The problem
Both the line below containing "maglia a coste" and the line containing "2024 Fiesta Champions Skyline", along with every line between them, should be repeated exactly; no other line belongs in the answer.

Information provided
++++++++++
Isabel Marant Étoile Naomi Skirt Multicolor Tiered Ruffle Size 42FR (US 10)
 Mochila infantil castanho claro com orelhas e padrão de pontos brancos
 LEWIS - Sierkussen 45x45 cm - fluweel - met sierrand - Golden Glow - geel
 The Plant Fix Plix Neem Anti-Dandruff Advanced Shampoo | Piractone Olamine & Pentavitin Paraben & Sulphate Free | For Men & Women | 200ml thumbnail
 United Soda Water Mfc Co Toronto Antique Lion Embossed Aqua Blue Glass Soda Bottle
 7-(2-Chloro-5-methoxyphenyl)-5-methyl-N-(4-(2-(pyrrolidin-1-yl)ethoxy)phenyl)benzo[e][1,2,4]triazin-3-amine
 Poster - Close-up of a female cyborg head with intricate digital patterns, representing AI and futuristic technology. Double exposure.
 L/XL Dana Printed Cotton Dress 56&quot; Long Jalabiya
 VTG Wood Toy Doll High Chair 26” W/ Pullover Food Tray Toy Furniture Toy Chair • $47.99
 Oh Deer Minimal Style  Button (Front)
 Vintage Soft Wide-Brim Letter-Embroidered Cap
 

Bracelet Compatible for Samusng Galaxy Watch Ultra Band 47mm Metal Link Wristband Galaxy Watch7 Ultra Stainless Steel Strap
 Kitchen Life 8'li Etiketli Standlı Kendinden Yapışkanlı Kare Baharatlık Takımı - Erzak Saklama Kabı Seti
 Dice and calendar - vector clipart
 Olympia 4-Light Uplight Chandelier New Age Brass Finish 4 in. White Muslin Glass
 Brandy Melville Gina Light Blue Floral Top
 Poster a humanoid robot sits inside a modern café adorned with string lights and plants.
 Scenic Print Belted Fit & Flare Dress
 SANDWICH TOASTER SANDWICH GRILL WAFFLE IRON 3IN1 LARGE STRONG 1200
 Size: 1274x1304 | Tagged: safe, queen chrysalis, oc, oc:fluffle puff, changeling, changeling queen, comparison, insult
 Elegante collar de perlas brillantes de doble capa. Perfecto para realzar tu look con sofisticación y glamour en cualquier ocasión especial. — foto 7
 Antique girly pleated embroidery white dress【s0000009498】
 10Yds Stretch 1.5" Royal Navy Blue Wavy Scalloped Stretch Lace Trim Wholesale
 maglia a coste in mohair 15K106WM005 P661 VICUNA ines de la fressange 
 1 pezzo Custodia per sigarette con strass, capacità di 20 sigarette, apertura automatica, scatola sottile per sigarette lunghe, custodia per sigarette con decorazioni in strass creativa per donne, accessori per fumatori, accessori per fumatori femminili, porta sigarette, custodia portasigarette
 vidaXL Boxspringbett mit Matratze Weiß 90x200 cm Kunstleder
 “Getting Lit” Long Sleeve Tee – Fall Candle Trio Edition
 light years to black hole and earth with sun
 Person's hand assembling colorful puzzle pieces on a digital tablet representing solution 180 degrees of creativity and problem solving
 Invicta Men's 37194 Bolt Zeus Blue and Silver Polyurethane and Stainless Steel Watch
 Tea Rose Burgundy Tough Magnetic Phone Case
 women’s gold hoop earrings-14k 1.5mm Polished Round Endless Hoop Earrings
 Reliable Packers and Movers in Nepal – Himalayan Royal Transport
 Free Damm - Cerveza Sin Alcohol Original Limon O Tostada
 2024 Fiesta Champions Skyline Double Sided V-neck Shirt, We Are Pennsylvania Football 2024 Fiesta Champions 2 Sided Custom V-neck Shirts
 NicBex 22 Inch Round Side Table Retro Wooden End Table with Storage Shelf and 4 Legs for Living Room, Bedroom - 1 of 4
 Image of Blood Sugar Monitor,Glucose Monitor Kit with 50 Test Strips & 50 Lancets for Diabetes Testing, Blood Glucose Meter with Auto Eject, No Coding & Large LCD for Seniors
++++++++++
Final answer
 maglia a coste in mohair 15K106WM005 P661 VICUNA ines de la fressange 
 1 pezzo Custodia per sigarette con strass, capacità di 20 sigarette, apertura automatica, scatola sottile per sigarette lunghe, custodia per sigarette con decorazioni in strass creativa per donne, accessori per fumatori, accessori per fumatori femminili, porta sigarette, custodia portasigarette
 vidaXL Boxspringbett mit Matratze Weiß 90x200 cm Kunstleder
 “Getting Lit” Long Sleeve Tee – Fall Candle Trio Edition
 light years to black hole and earth with sun
 Person's hand assembling colorful puzzle pieces on a digital tablet representing solution 180 degrees of creativity and problem solving
 Invicta Men's 37194 Bolt Zeus Blue and Silver Polyurethane and Stainless Steel Watch
 Tea Rose Burgundy Tough Magnetic Phone Case
 women’s gold hoop earrings-14k 1.5mm Polished Round Endless Hoop Earrings
 Reliable Packers and Movers in Nepal – Himalayan Royal Transport
 Free Damm - Cerveza Sin Alcohol Original Limon O Tostada
 2024 Fiesta Champions Skyline Double Sided V-neck Shirt, We Are Pennsylvania Football 2024 Fiesta Champions 2 Sided Custom V-neck Shirts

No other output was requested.